Quinn took a few liberties when she referenced me in the story, even taking a sentence from the introduction to Truth at Last and making it sound as if she had interviewed me. But she did plug the book, writing, “Prymak’s research is featured in Mike Campbell’s new book, ‘Amelia Earhart: The Truth at Last.’ Campbell’s book makes the case for Earhart’s demise at the hands of the Japanese military.”
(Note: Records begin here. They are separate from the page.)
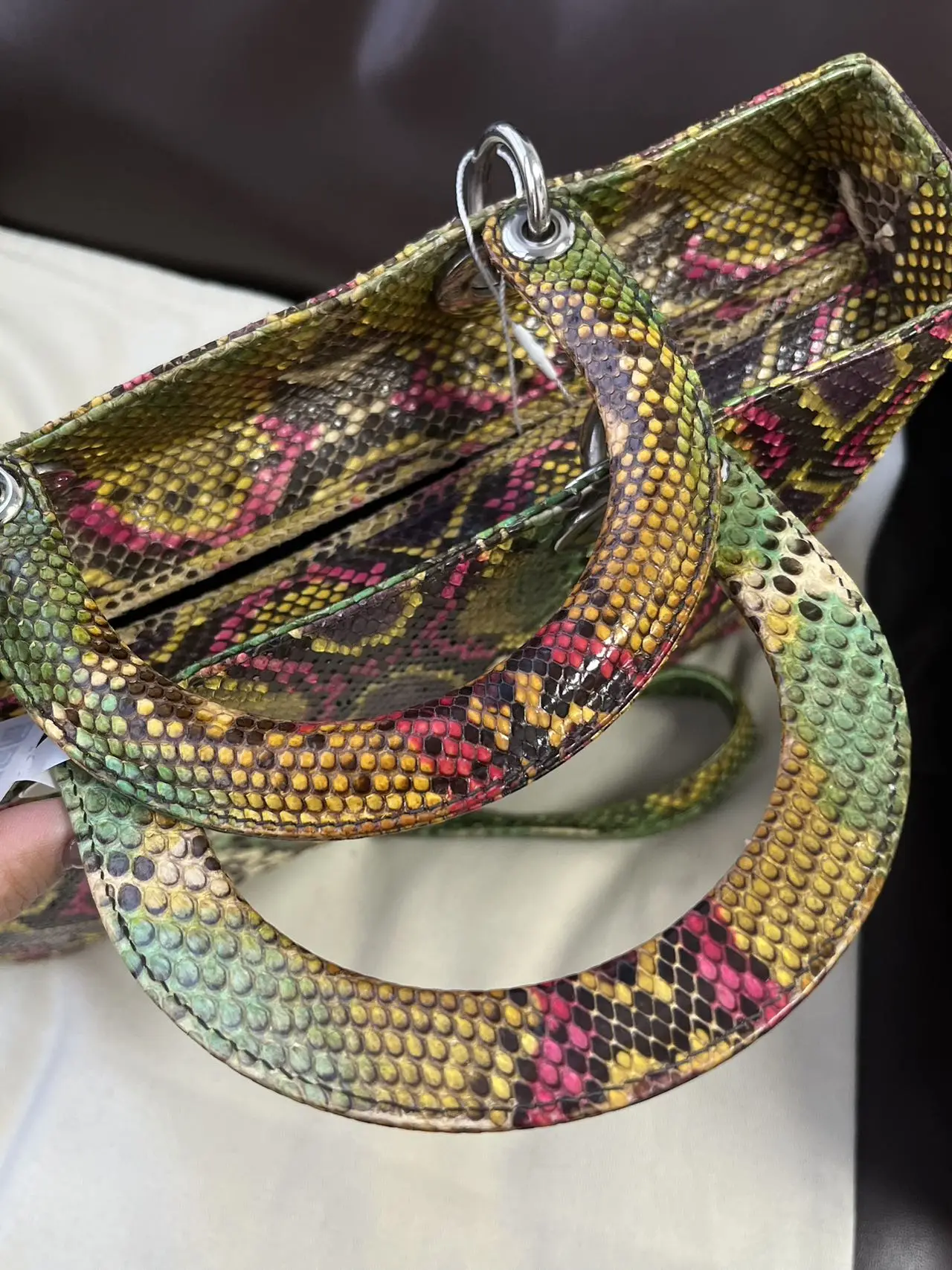 DIOR Large Lady Dior Lady Bag Multicolour Python Leather Bag Limited Version DIOR Large Lady Dior Lady Bag Multicolour Python Leather Bag Limited Version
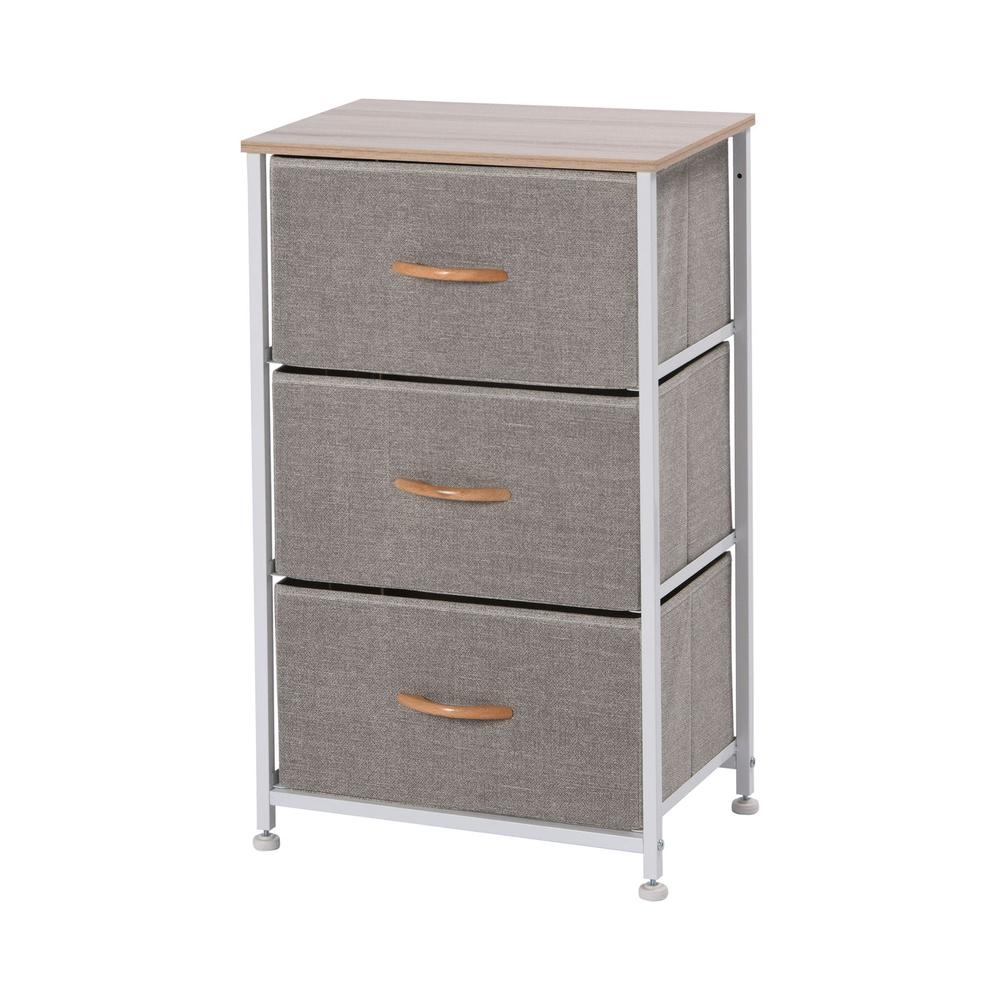 Sherwood 3-Drawer Luna Fabric Home Dresser (Cream) | Buy online at The Nile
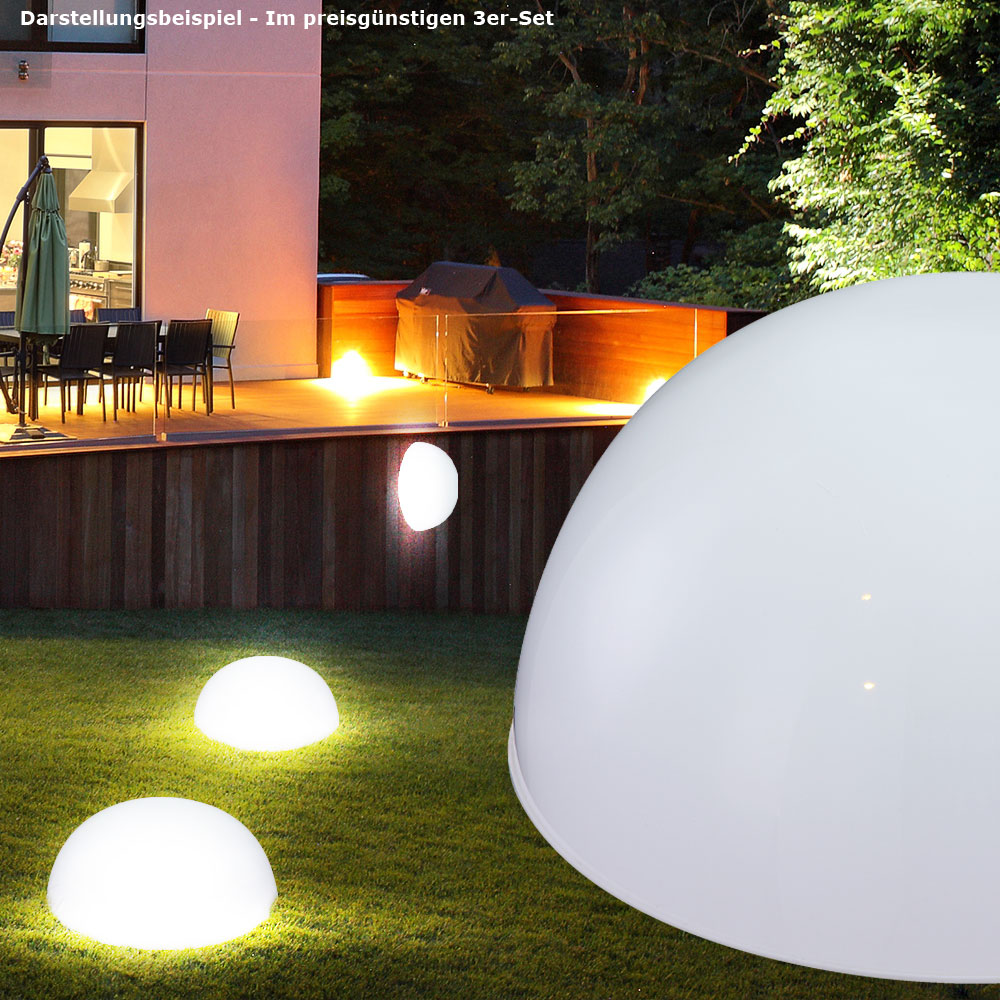 LED Solar Lampen 3er Set Leuchten Garten Terrasse Kugelleuchte Weglampe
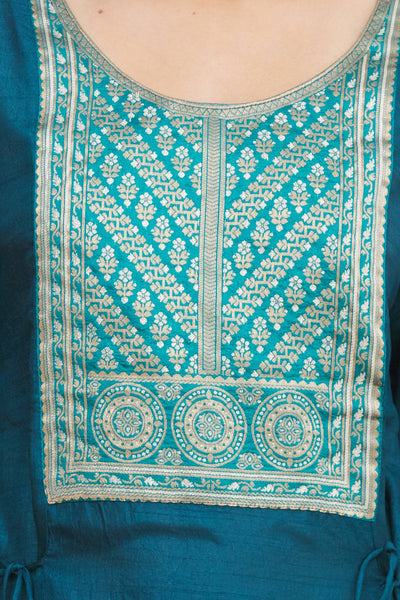 Blue Floral Design Kurta - Indian Clothing in Denver, CO, Aurora, CO, Boulder, CO, Fort Collins, CO, Colorado Springs, CO, Parker, CO, Highlands Ranch, CO, Cherry Creek, CO, Centennial, CO, and Longmont, CO. Nationwide shipping USA - India Fashion X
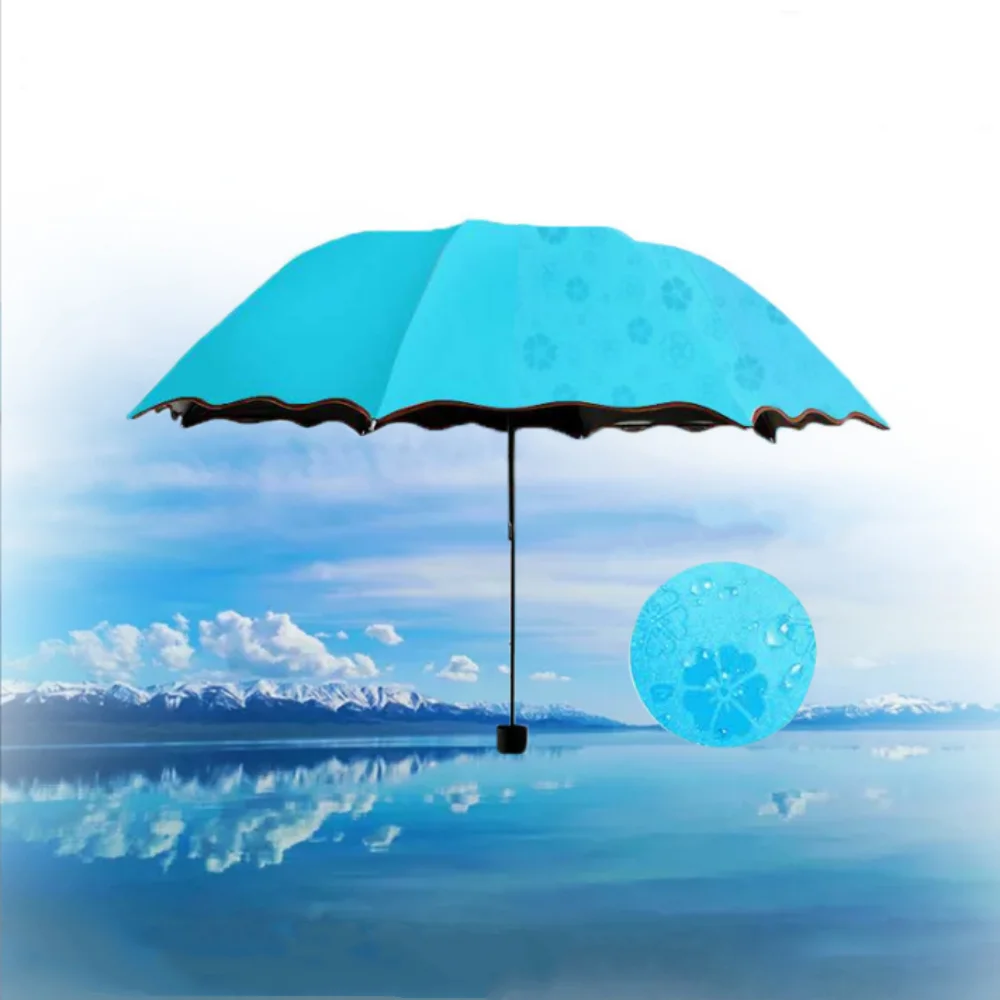 Folding umbrella Magic Folding Umbrella Rainwater Pattern Windproof Sunshade Outdoor Sports UV Protection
Quinn’s story was immediately picked up by the Boulder Daily Camera, the Craig (Colo.) Daily Press, and amazingly, the Denver ABC affiliate, Channel 7, which put the story on their website. Sadly, all this coverage of Bill’s story had no effect on sales of the book. It was as if nobody read past the first few paragraphs of the story. All in all, I was happy to see Bill get some well-deserved ink, but extremely disappointed that the fairly dominant mention of Truth at Last in the story simply did not translate into any sales at all.